» **Task details**
Your answer must be the exact lines below, starting with the line with "Samsung Galaxy S24" and going on through the line with "Males are easily", both included, with no pictures.

» **Provided information**
###
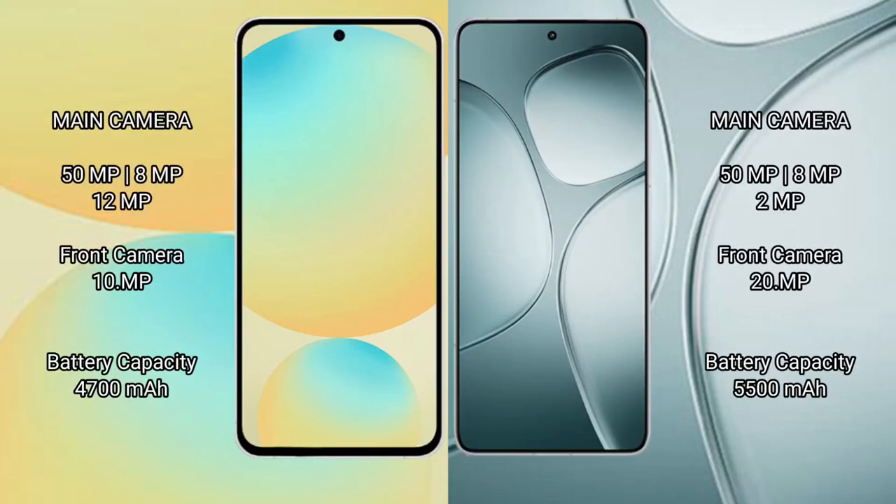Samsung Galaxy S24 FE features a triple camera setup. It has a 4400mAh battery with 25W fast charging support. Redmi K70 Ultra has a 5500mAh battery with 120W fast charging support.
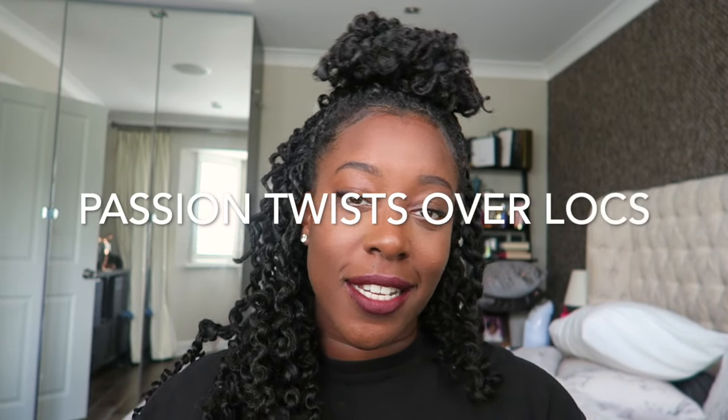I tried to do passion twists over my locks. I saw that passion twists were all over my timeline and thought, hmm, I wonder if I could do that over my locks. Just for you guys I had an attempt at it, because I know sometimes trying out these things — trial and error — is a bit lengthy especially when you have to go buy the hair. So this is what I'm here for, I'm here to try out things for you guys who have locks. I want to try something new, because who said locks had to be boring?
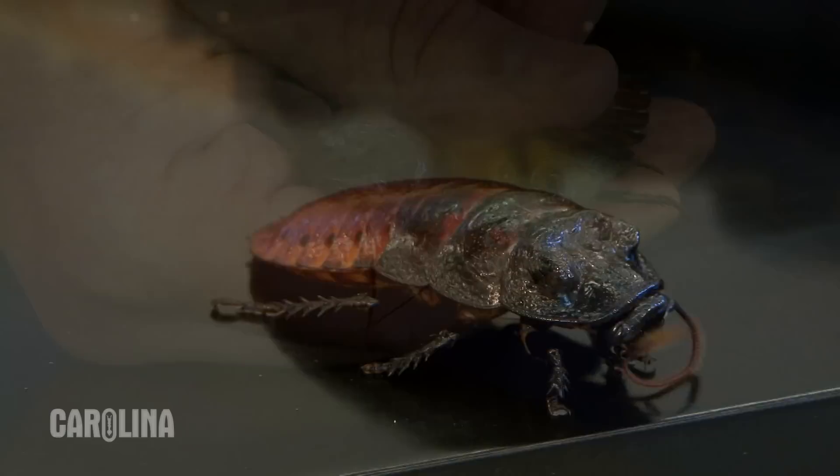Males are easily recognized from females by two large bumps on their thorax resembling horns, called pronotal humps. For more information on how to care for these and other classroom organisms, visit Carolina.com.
###
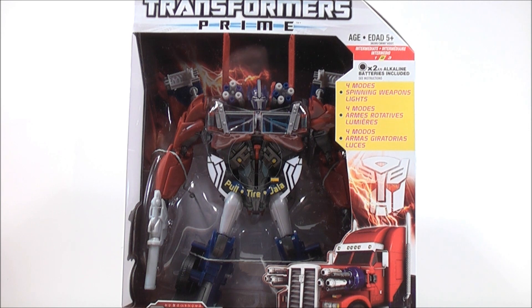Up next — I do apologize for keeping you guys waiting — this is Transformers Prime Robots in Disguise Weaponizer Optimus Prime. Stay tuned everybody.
###
» **Response to the task**
Samsung Galaxy S24 FE features a triple camera setup. It has a 4400mAh battery with 25W fast charging support. Redmi K70 Ultra has a 5500mAh battery with 120W fast charging support.
I tried to do passion twists over my locks. I saw that passion twists were all over my timeline and thought, hmm, I wonder if I could do that over my locks. Just for you guys I had an attempt at it, because I know sometimes trying out these things — trial and error — is a bit lengthy especially when you have to go buy the hair. So this is what I'm here for, I'm here to try out things for you guys who have locks. I want to try something new, because who said locks had to be boring?
Males are easily recognized from females by two large bumps on their thorax resembling horns, called pronotal humps. For more information on how to care for these and other classroom organisms, visit Carolina.com.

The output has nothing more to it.